Wednesday, June 01, 2005

Recovery

I have two intense kids. This became immediately apparent when, 20 minutes after they came home and Brian retired upstairs for a well-deserved nap, they had me running around trying to satisfy their many needs. I had to stop while filling drinks orders and take a deep breath and reassert control over the landscape. One thing to work on with the kids this summer is patience--theirs, not mine.

I'm pleased with the results of the writing weekend; the scene map did not get finished, nor did the character definitions, but I think they are the kind of thing I could work on in the odd hour without needing to be in touch with the creative muse. They are homework, and one doesn't need inspiration or excessive quantities of caffeine to accomplish them.

My next task is to hit up the two grannies for regular writing time. My mom isn't working this summer (though she seems to have a tennis game scheduled every other day) so I'm going to suggest a regular morning date with her grandchildren. Depending on her response, I will then approach Granny Kathy with the suggestion too and see how much writing time I can guilt them into providing me.

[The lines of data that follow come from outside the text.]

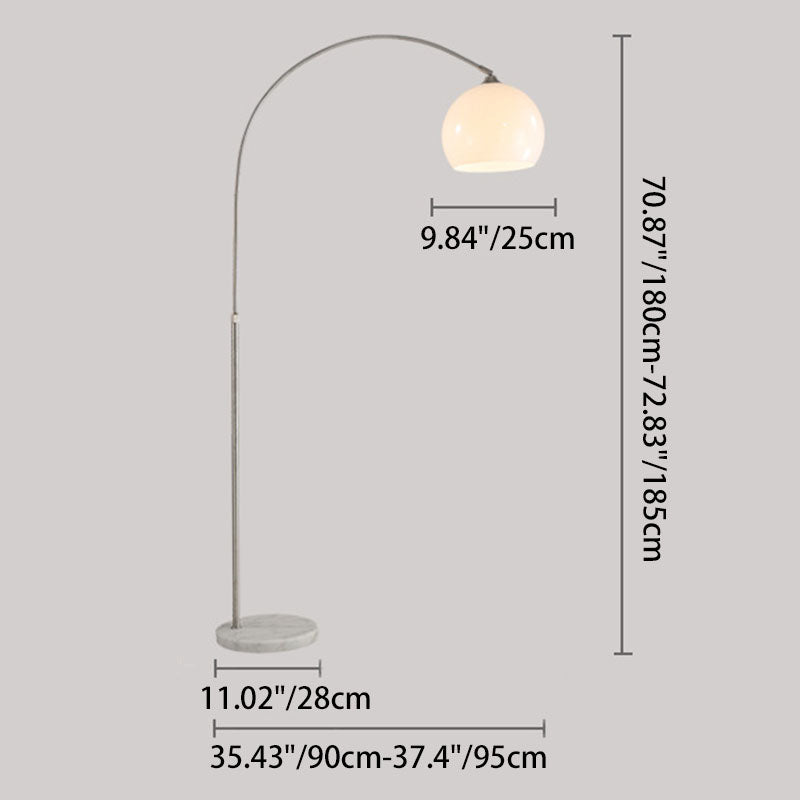 Modern Minimalist Marble Acrylic Stainless Steel Fishing Round 1-Light Standing Floor Lamp For Living Room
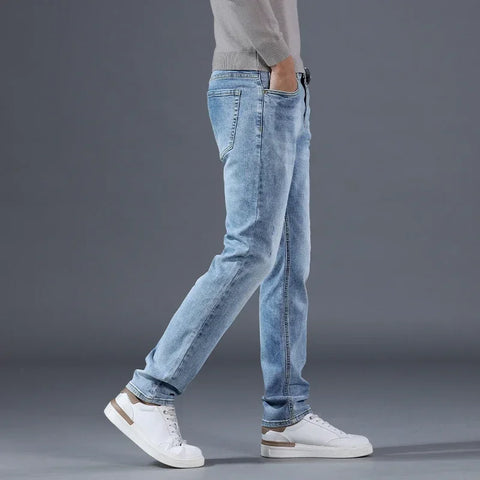 Light Stretch Denim Slim Straight Jeans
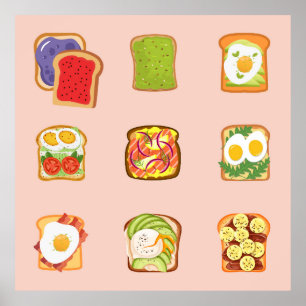 Brunch Toast Pattern Poster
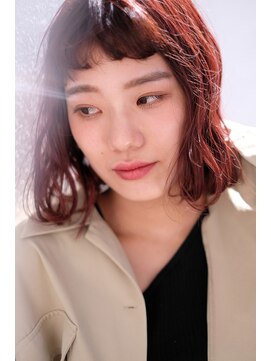 スリー スタンド(THREE STAND) くせ毛風無造作カール＊秋色＊ボルドー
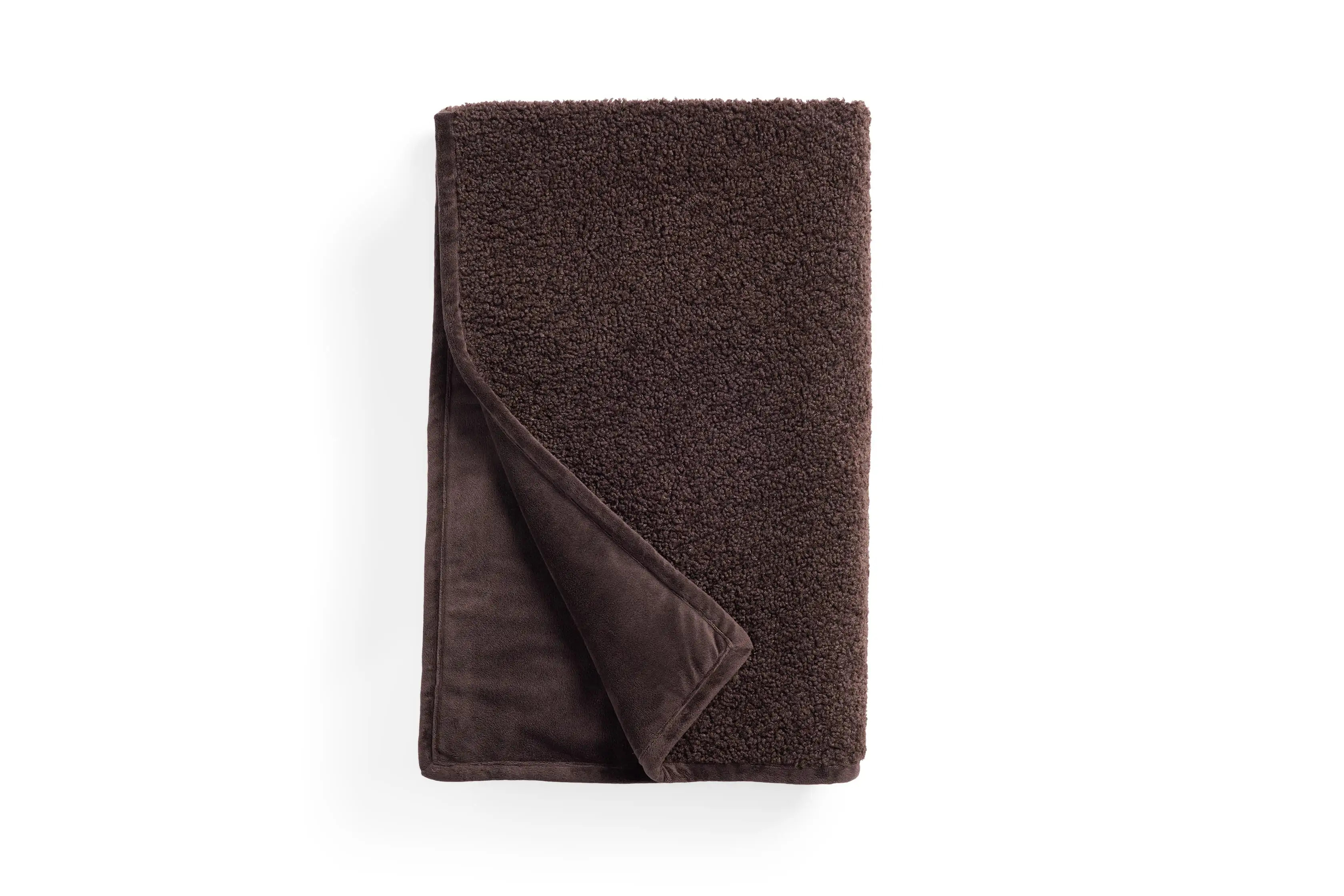 Faux Fur Sherpa Throw in Brown | Arhaus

Round 2 of Greek composition grading is about to begin. Comp grading seriously cuts into my fiction reading time, so I am making sure to really enjoy my time with a novel before I have to ration fiction-time to the hour or so before bed. I'm on a Shields kick after loving The Stone Diaries. I'm about 1/3 of the way through her last novel, Unless. So far, what I most admire about this book is Shields' ability to avoid sentimentality; it reminds me a little of Atwood, but is less acidic and more sympathetic, yet still very sharp. This story could easily slide into mush territory due to the subject matter (lost daughter told from the mother's perspective), but at least once on each page (and sometimes more often) she has her narrator make some observation that pulls it back from the edge.

Here is an example from Page 47, at the end of the chapter titled "Wherein":
I want. I want. I want.
I don't actually say these last words; I just bump along on their short, stubbed feet, their little dead declarative syllables--while buttoning up my coat and making my way home.

A more sentimental writer would have ended the chapter with "I want. I want. I want." And it would have been a pretty damn good way to end the chapter too, but that isn't Shields--she pulls you back into her character's self-consciousness about her own tendency to dramatize the situation and has her comment on it.

And for those of you wondering about the office color--I bought a gallon of blue. The peach was fine, really nothing wrong with it, but it didn't feel right for the space. And it occurred to me that I have wanted a blue room since I was 7 years old and my father vetoed the idea and made me paint my North-facing bedroom yellow. Yup, yet another pathetic little grudge I hold. So
finally I'll get to satisfy my little 7 year-old self and have a blue-room of my very own.

6 comments:

freddyknits said...

To quote my friend and your neighbor Nancy, peach is never the right answer.

And to quote Lorenz Hart:

"We'll have a blue room, a new room, for two room, where every day's a holiday, blah blah blah..." Just don't wear your trousseau or get little blue chairs, or it could get scary.

I got a million of 'em.

Edward Vielmetti said...

Kate - I can recommend Larry's Party if you are on a Carol Shields run.

Mary Jean Babic said...

I second that about Larry's Party.

I loved "Unless," too, and you've distilled Shields just right with that excerpt. One more reason to love Carol Shields is that she created a lovely body of writing while raising five kids. "It was my knitting," is how she explained finding time to write during those years. (Which I guess means she didn't knit; oh no!) She died about two years ago; we lost her too soon.

I had a blue room growing up. My older sister chose the color, perhaps as compensation for being forced to share a room with me. It was a very powder-puffy blue, a shade I just know you'll have the good sense to avoid for the office.

Annie said...

Okay, I must read Shields's Collected Stories right now. Maybe we could read Larry's Party together?

I would love a blue bedroom or bathroom, a steely sky sort of blue. But that would require my painting, wouldn't it? I think I'll just admire your blue room from afar!

Kate said...

Oh a read-along sounds fun! Especially since I don't think my book group would appreciate my current feeling that we read only Shields' books till we have read them all. Let me know when you finish the short stories and I'll do the same for Unless and then we can start Larry's Party together. Just to warn you, I probably won't be a speedy reader right now since most of my reading time is taken up with the Greek Compositions.

Obviously, if anyone else wants to join us, the more Shields' readers the merrier!

Annie said...

Great! Collected Stories is on the hold shelf at the library for me, and when we get to Larry's Party, I'll keep it next to the rocker in Camila's room so I won't be tempted to read it all in one sitting (as if I would ever have that much uninterrupted time!). I'm so looking forward it.